*Data block*:
......
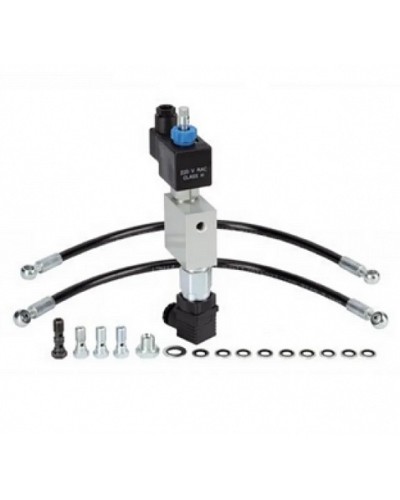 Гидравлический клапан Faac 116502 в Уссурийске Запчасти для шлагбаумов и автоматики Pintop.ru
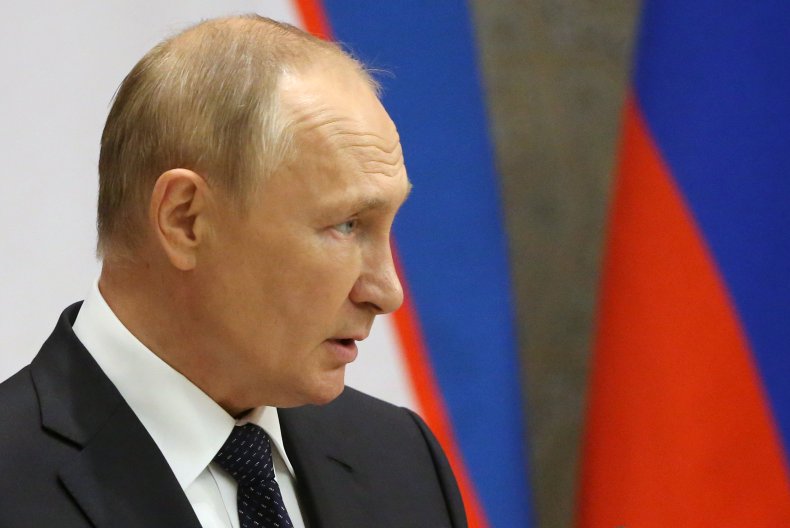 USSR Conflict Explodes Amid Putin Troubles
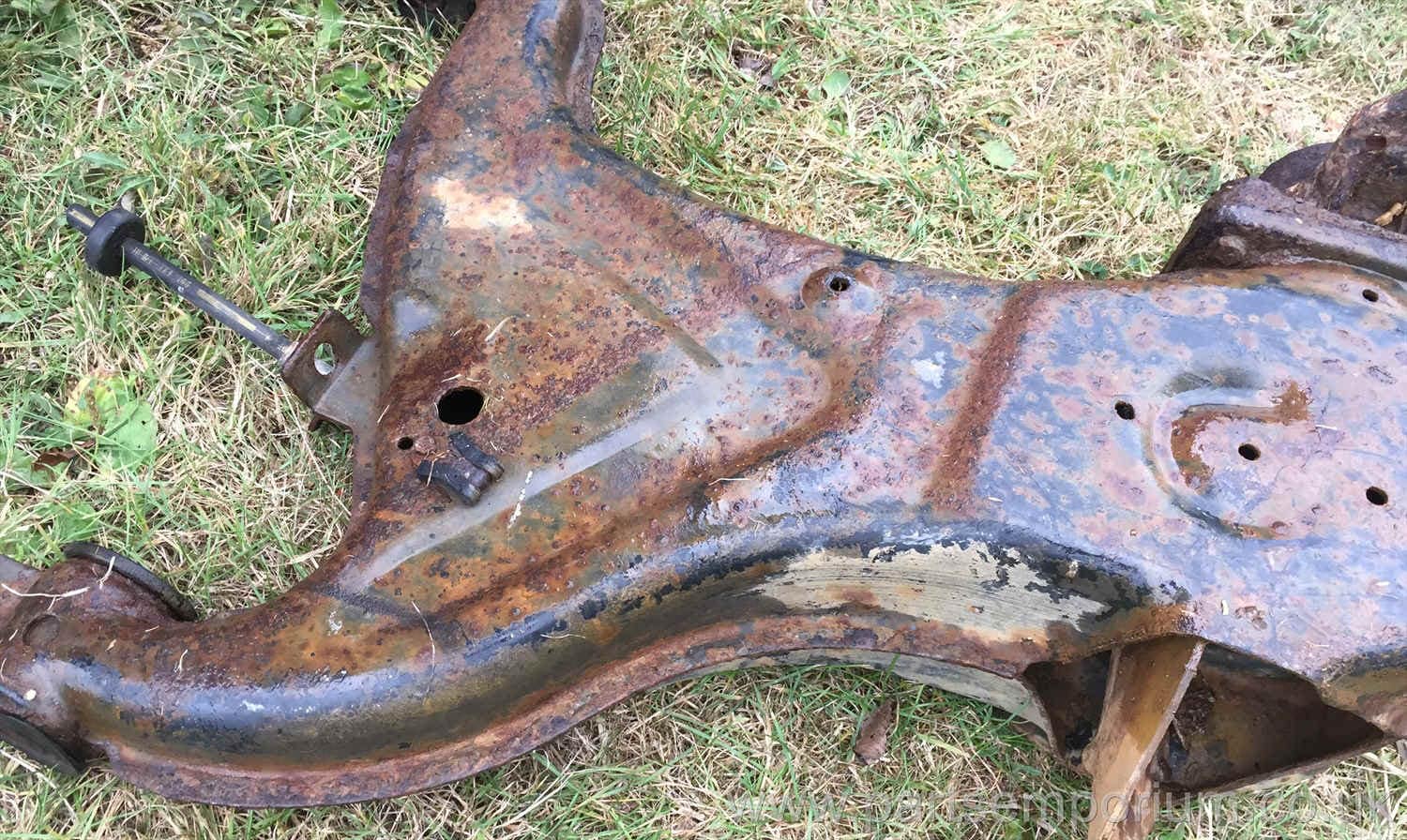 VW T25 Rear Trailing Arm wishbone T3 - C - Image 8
......
*Problem statement*: Copy out the full material exactly. Pictures should not appear in it.

*Solution to this exercise*:
 Гидравлический клапан Faac 116502 в Уссурийске Запчасти для шлагбаумов и автоматики Pintop.ru
 USSR Conflict Explodes Amid Putin Troubles
 VW T25 Rear Trailing Arm wishbone T3 - C - Image 8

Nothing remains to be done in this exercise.